After purchasing the tools and materials, I came out slightly better financially than I would have ordering a custom rod from a builder. Although, the biggest benefit is the satisfaction of making my own rod. The process was very easy and only took me about ten hours to very slowly and carefully build it. The most complex part was deciding what I wanted and what materials I needed.
I created a shorter than normal butt to make it easier to use in a kayak.
The reel seat is solid maple. It adheres directly to the rod blank without needing an arbor. I'm hoping this will help increase sensitivity.
I also chose to not add a fore-grip. When reeling, my hand grips the blank directly, giving me the best feel.
Adding the threading was the fun part. It was tedious, but I am pleased with the result, especially for my first attempt. I figured that I would be looking at this rod for countless hours, so I might as well make it look nice.
I wanted to use micro-guides, but decided that they may be too much of a challenge for my skill level. I went with reinforced saltwater grade guides. Each guide is under wrapped.

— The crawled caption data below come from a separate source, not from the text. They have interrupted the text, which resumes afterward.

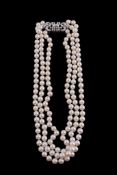 A three strand cultured pearl and diamond necklace, composed of three graduated strands of uniform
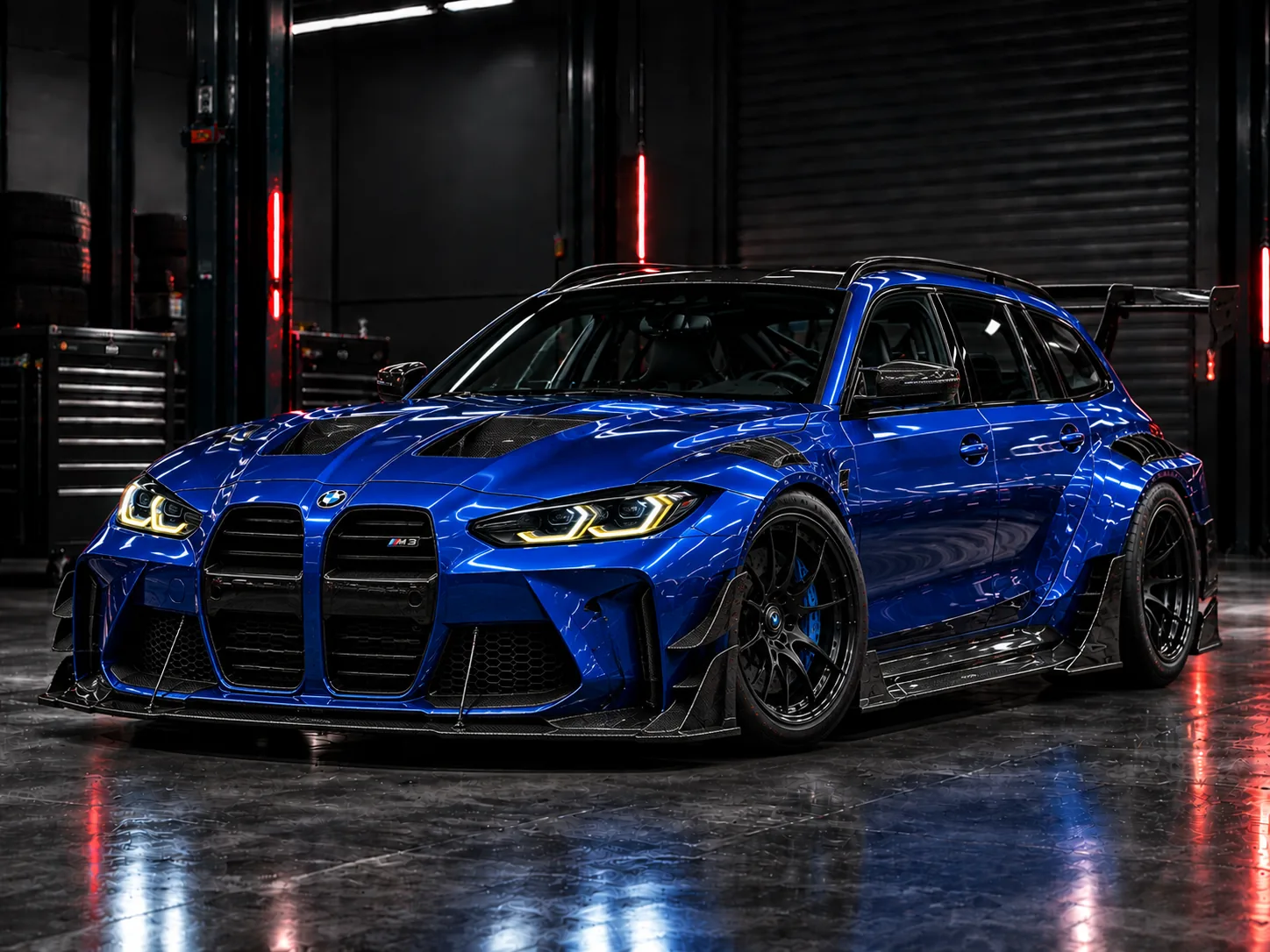 Blue performance estate with widebody conversion in the workshop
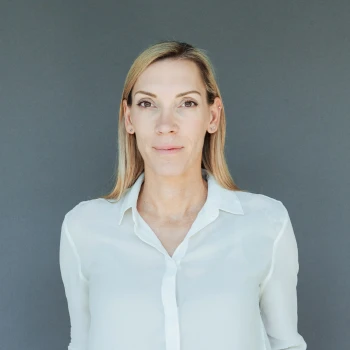 Portrait of a middle-aged woman with blonde hair and white blouse against a gray background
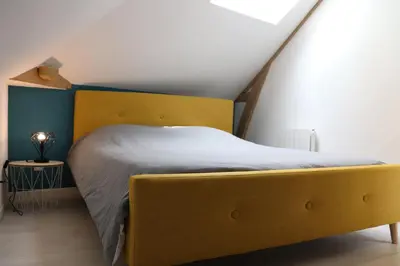 Un ou plusieurs lits dans un hébergement de l'établissement Appartement 2 chambres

I currently have an Ambassador C3 6500 on it. After fishing with it a few times, I think this reel is too big for this rod. I'm in the process of looking for a quality low profile reel for it.
I can say that this rod is exactly what I wanted, which is why fishermen pay the big bucks for custom rods in the first place!
I'm guessing this cat went about 12 pounds, maybe larger. My lip gripper is only rated to 15 pounds, and it could not hold up this fish. A baby by James river standards, but fun nonetheless!